Tuesday, 28 March 2017

Creative Writing: Abandoning a Story



Within the "Short Stories" folder on my hard drive I have four sub-folders:

1. Write
2. Rewrite
3. Revise
4. Sell

These four folders represent the four stages each of my short stories go through, with the first three essentially representing the three major drafts most writers would suggest you create when writing. Some of my stories graduate from each folder faster than others. Some get sent back after sitting in the "Sell" folder too long. But nothing gets tossed aside. Everything's useful.

At least, that's what I thought.

I've been in the process of rewriting all of my pre-Soci of Metro short stories. It's safe to say that working on a project the size of Soci of Metro has honed my writing, rewriting, and editing skills, and I've found great satisfaction in applying those technical skills as well as my newly developed style to my older work. There's some stuff on my hard drive I haven't touched in years—stories I was convinced (at least when I wrote them) were complete in every way—and now they're far better and far more concise reads.

Anyway, there was one story I've been putting off revisiting for months. The story's name was American Stranger, and it's a story I knew I'd have to abandon.
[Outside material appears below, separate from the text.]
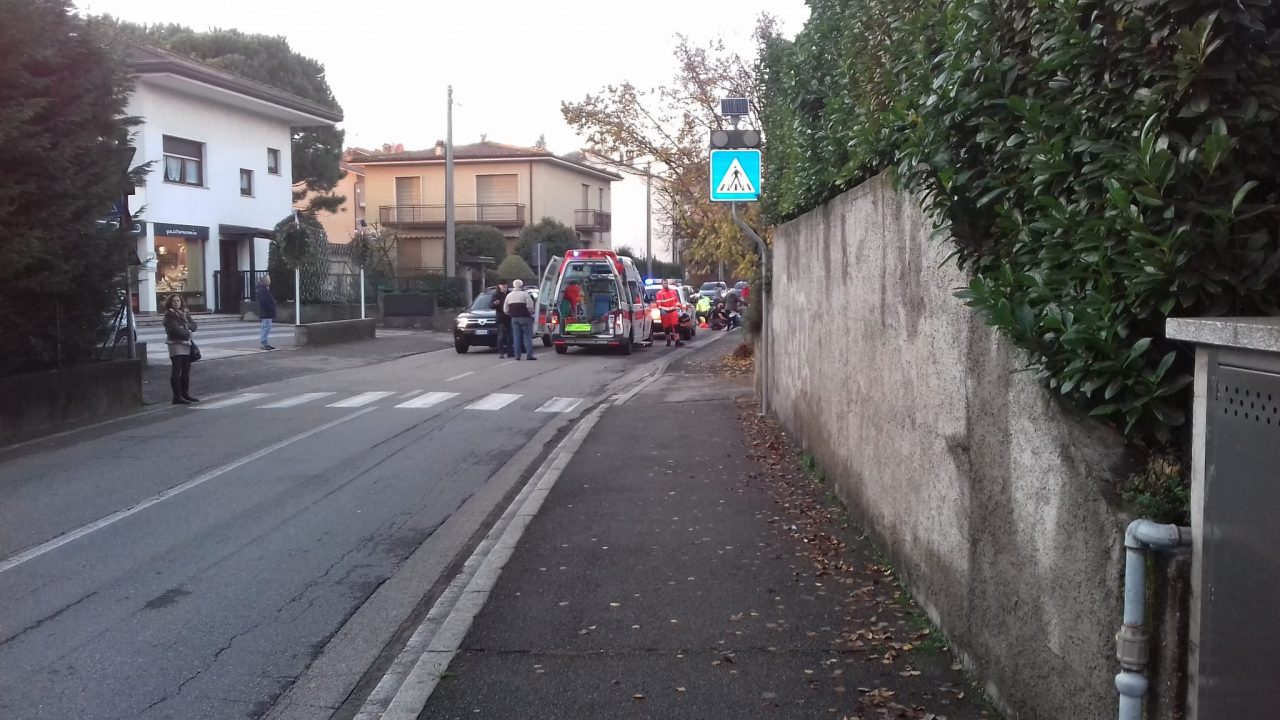 Incidente a Cantù soccorso un motociclista 18enne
I've written about American Stranger before. It was the first short story I ever wrote, and the first I ever tried to sell. It was originally called Nine Days, and it was awful. I can't describe how awful it was, because it was awful in every way. But then again, aren't all first attempts? That's what I told myself, and so I left Nine Days for some time before rewriting it and renaming it American Stranger.

Everything was different, but the core idea remained: If the sun rose red, and the world's electronic communications shut off, and all batteries started dying, and the clocks stopped, and the cars wouldn't start, how would the world look after nine days from the perspective of a young adult (not the YA kind) who lived alone in a small rural town?

American Stranger was a better story, purely on the basis that it had character. But it didn't have characters. They were static stereotypes of the kind of people I saw during my younger years in my semi-rural home town.

So I left American Stranger for three years, I wrote a novel, and I even wrote two better stories based on the premise and world of American Stranger. And now I drag the story back out again, and I give it a read, and oh-sweet-baby-jesus it's garbage.

Why is the crazy American crazy? Why is he American? Why does he have a working car when all the other cars have died? Why do the two main characters keep cracking jokes while the world ends around them? Why is there a dream sequence? Did I write this? Did I try and sell this?

The answer to those questions is yes. Wait, no it's not. Forget I said that. The point is, whether I like it or not, I have a story so broken that it can't be fixed without writing something entirely new. And I mean way beyond the process of rewriting. I mean something that'd take so long, I'm not sure it's worth doing.

As I said, I've written two other stories based on the premise and world of American Stranger. My failed first attempt at writing fiction has given birth to better work, even if I have to send American Stranger to the vets to be put down. It's not so bad. I'll just tell everyone that I was taking it there for a checkup and it died in the car. That's what my parents told us about our cat Magpie.

Thoughts and prayers for Magpie. She licked her bum a lot.